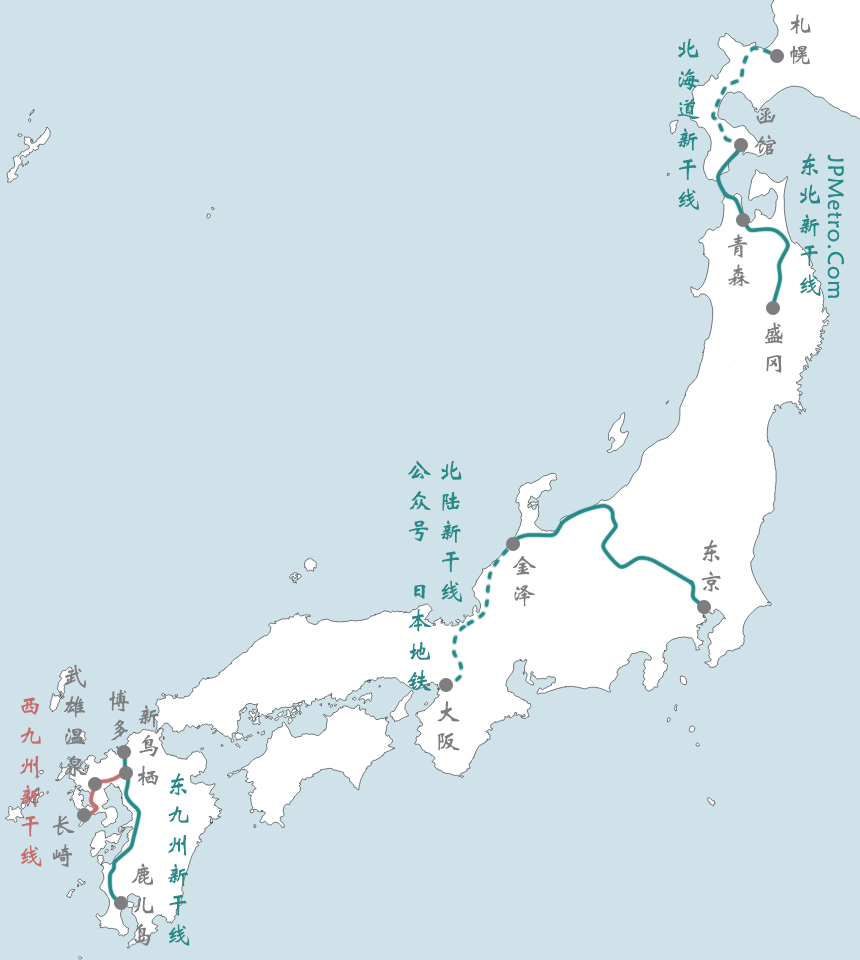 日本整备新干线简图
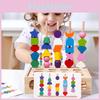 Children Wooden Learning Blocks With Shape Matching For Toddlers Toys Gifts
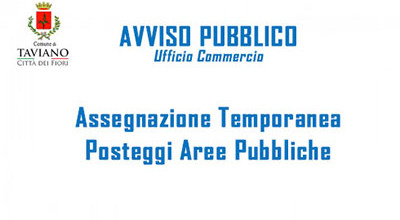 Avviso Pubblico -  Assegnazione Posteggi Aree Pubbliche 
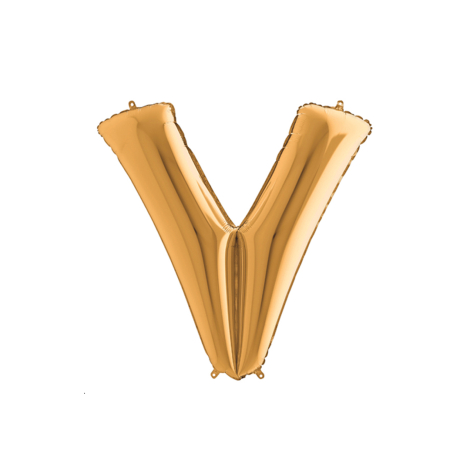 Foil balloon with letter, shiny gold colour, 102cm / Letter V / 1 piece - Bimotif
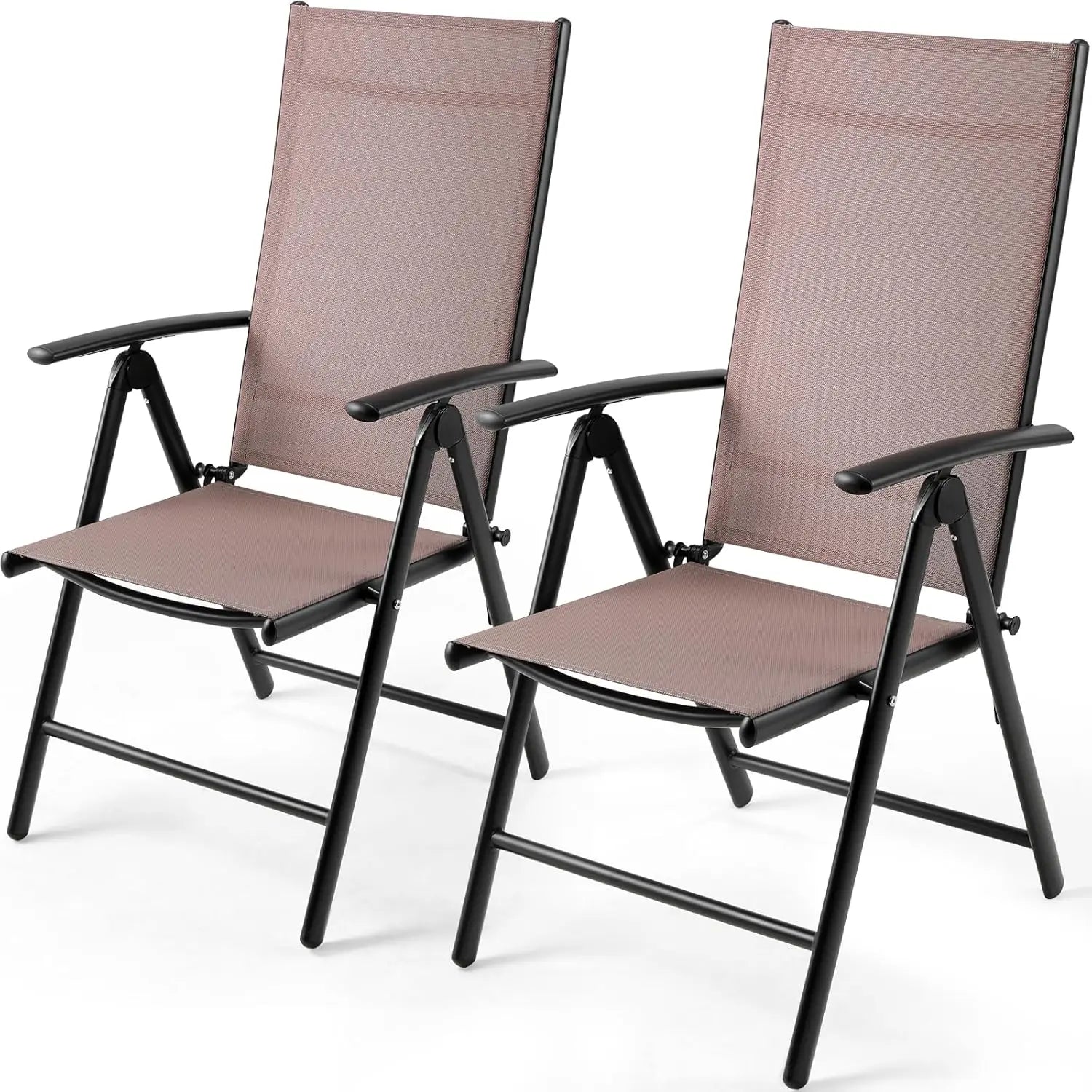 2-Piece Foldable Patio Armchairs, Folding Dining Chairs, Aluminum, Padded Adjustable High Backrest, Lightweight Garden Chair, Load 120 kg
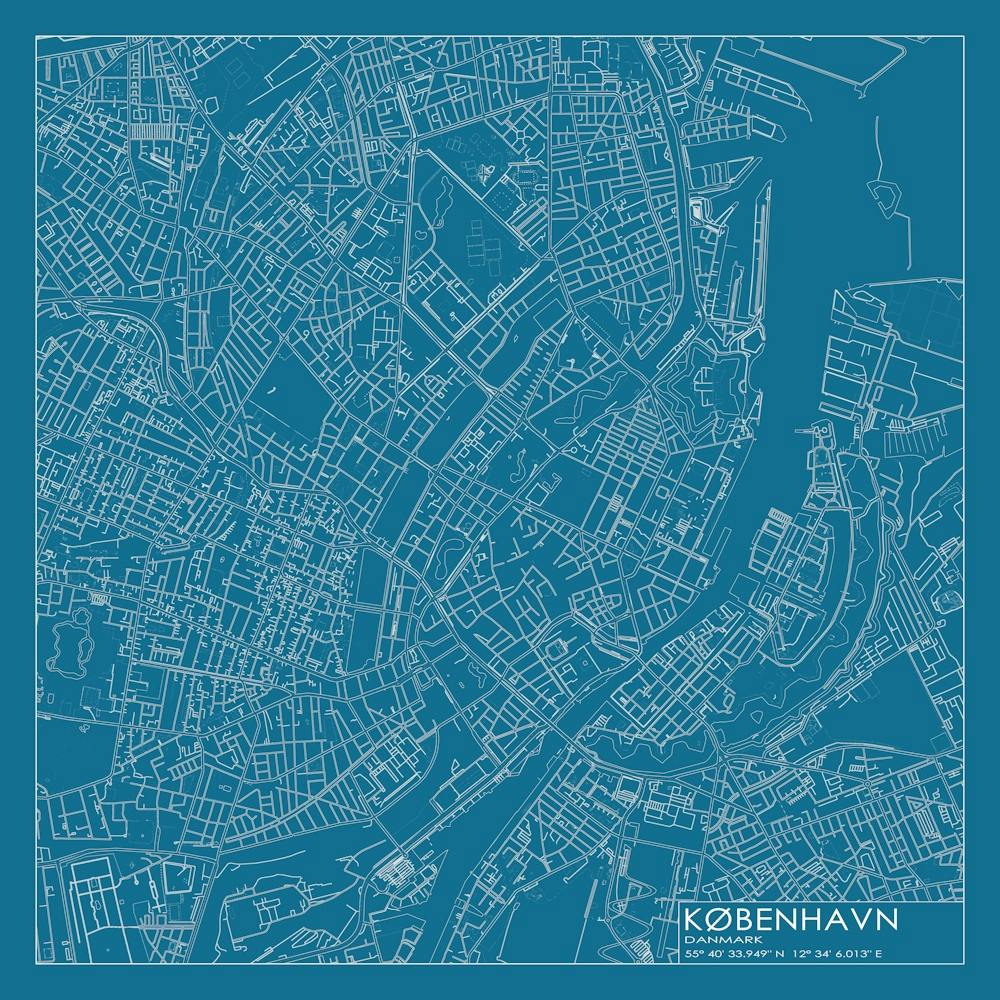 København Danmark city map blueprint design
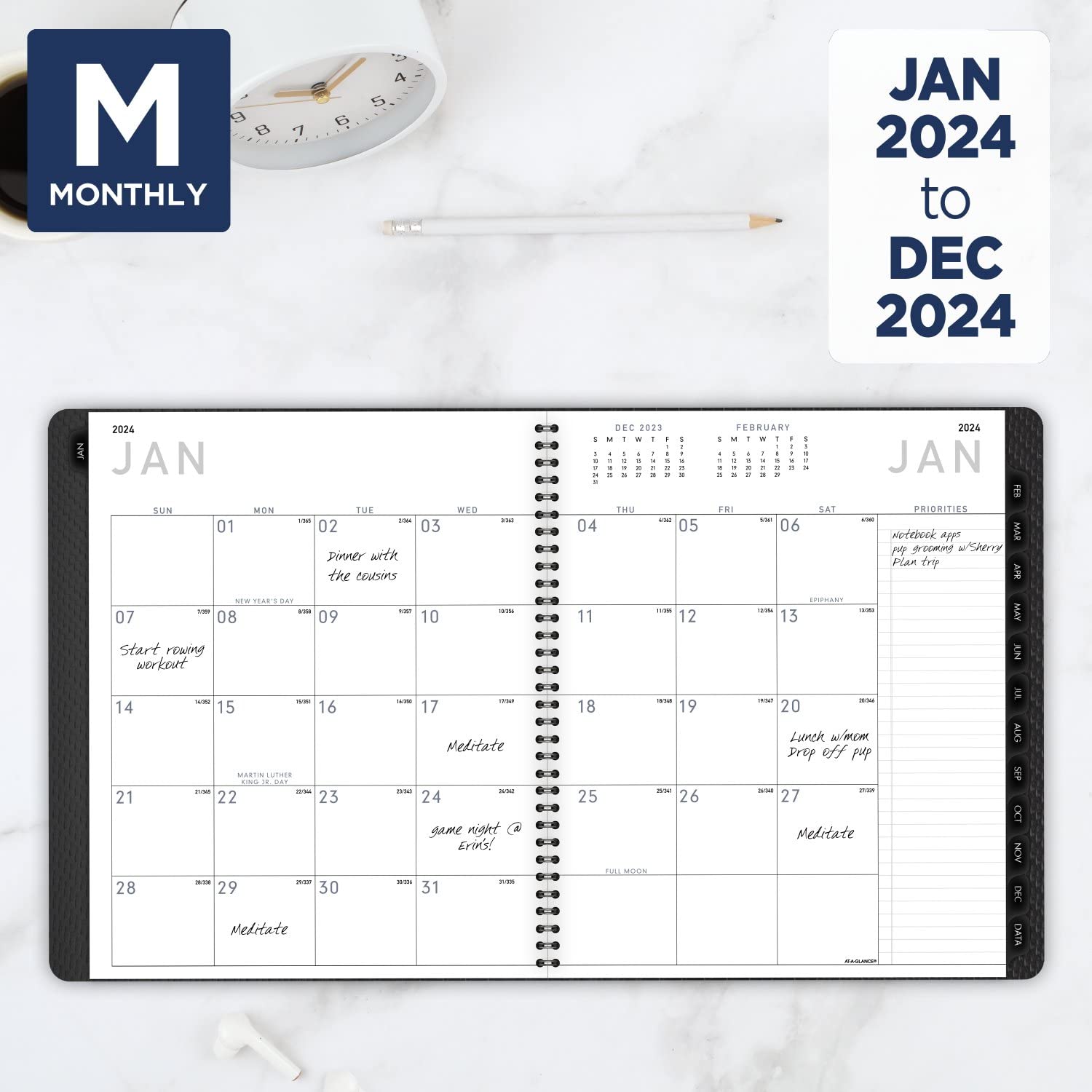 AT-A-GLANCE 2024 Monthly Planner, 9” x 11”, Large, Monthly Tabs, Pocket, Contemporary, Charcoal (70260X4524)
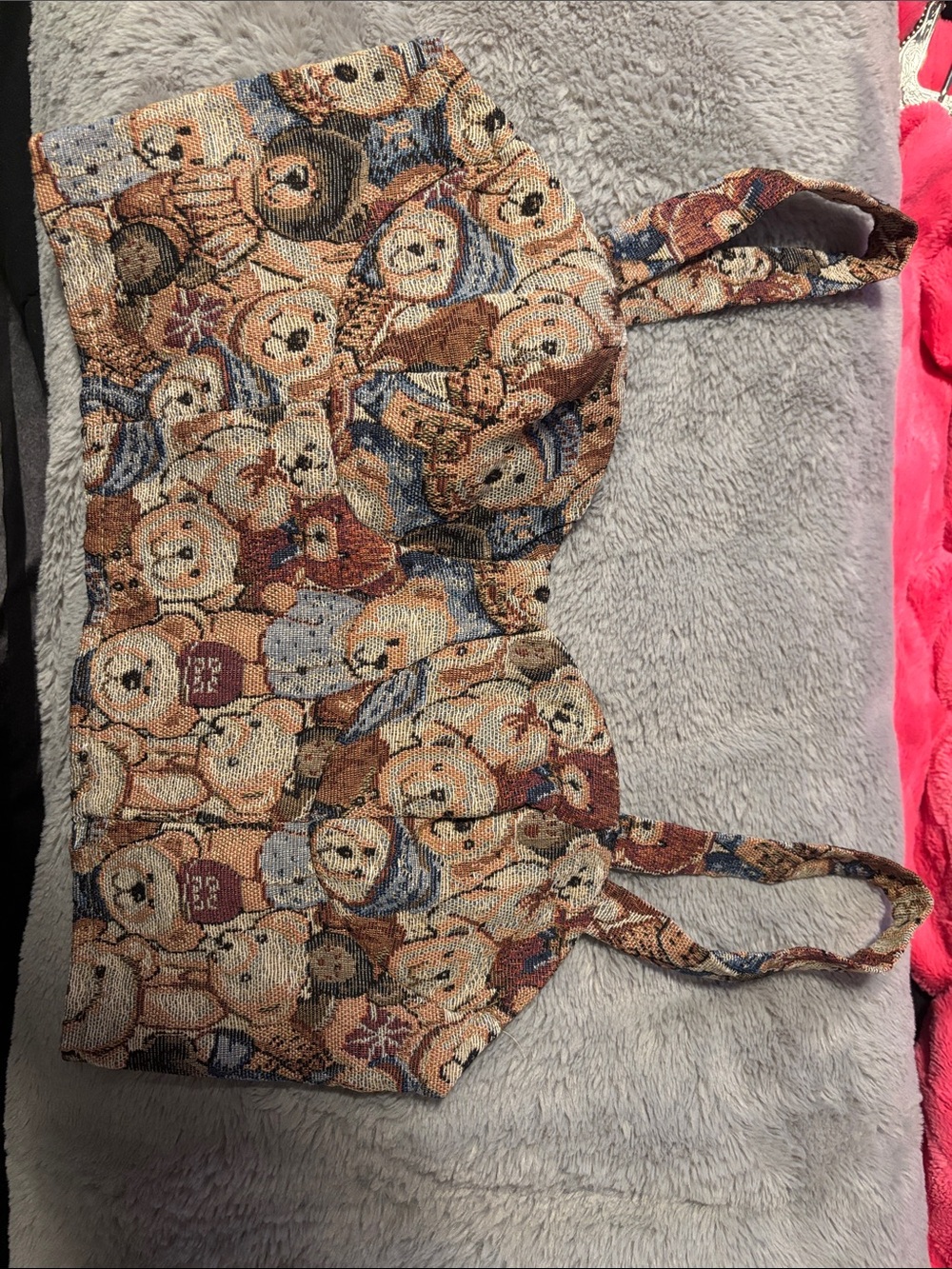 SHEIN Multicolor Teddy Print Cropped Tank Top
☆ ☆ ☆
• [TASK TO CARRY OUT]
Copy out all of the entries exactly as they stand, with no pictures in your copy.

• [YOUR SOLUTION]
 日本整备新干线简图
 Children Wooden Learning Blocks With Shape Matching For Toddlers Toys Gifts
 Avviso Pubblico -  Assegnazione Posteggi Aree Pubbliche 
 Foil balloon with letter, shiny gold colour, 102cm / Letter V / 1 piece - Bimotif
 2-Piece Foldable Patio Armchairs, Folding Dining Chairs, Aluminum, Padded Adjustable High Backrest, Lightweight Garden Chair, Load 120 kg
 København Danmark city map blueprint design
 AT-A-GLANCE 2024 Monthly Planner, 9” x 11”, Large, Monthly Tabs, Pocket, Contemporary, Charcoal (70260X4524)
 SHEIN Multicolor Teddy Print Cropped Tank Top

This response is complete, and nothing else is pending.